Notre choix 

Dans l’arche de Philippe Brach

CHANSON
Le silence des troupeaux
Philippe Brach
Spectra Musique
Quatre étoiles 

À l’instar de Klô Pelgag et d’Antoine Corriveau, Philippe Brach s’est construit une arche orchestrale pendant que dure un déluge… dont on ne connaît vraiment pas la destinée. À bord du vaisseau se confondent humains et animaux, bardassés par l’adversité planétaire.

L’exercice était ambitieux, financièrement coûteux, très audacieux dans le contexte d’une production indépendante qui ne fait pas ses frais, en cette époque trouble pour les œuvres de l’esprit.

Brillamment, Le silence des troupeaux évoque une séquence pour le moins inquiétante de l’histoire humaine. La trame de cet opus peut être perçue comme étant le récit d’un sombre passé, d’un temps présent pas très jojo ou s’inscrivant au lendemain de l’apocalypse. Les chansons de Philippe Brach s’y juxtaposent au récit glacial et sibérien de Julien Lavoie – les mots de chacun se complètent dans un même livret intitulé « Lettres du Frère Hurlant ».

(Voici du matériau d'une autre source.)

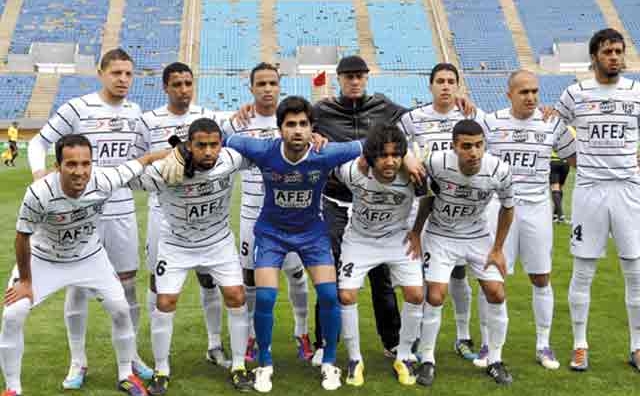 Championnat national Pro-Élite 1 : Le Widad de Fès sauve sa peau in  extremis | Aujourd'hui le Maroc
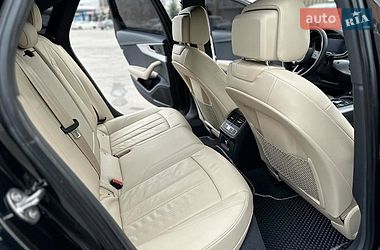 Седан Audi A4 2016 в Львове фото 9 Седан Audi A4 2016 в Львове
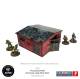 Micro Art Studio WW2 Normandy Large Brick Shed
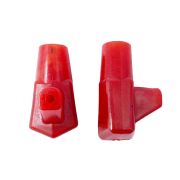 Colored traslucent rubber kit for all Lambretta S3 models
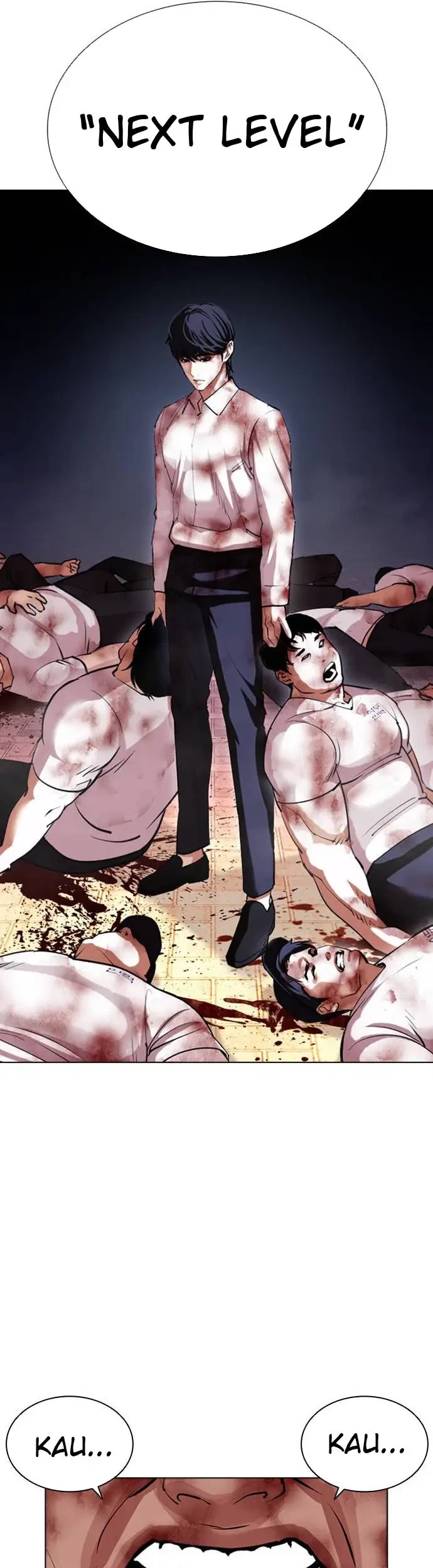 Lookism Chapter 409 Gambar 66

Dans La fin du monde, « Le calme a pris la place du froid / La mer a marché sur les toits / Si les anges ont rendu l’âme / Si les murs s’effondrent à même l’espoir / Si le soleil parle pour la dernière fois / Je veux crever dans tes bras… »

Dans La peur est avalanche, Brach dépeint un tissu social enclin à la paranoïa et aux préjugés hallucinés de la civilisation post-factuelle : « Il n’y a pas de Dieu / Que des fous peureux et solitaires / Qui s’adonnent à faire des enfants… »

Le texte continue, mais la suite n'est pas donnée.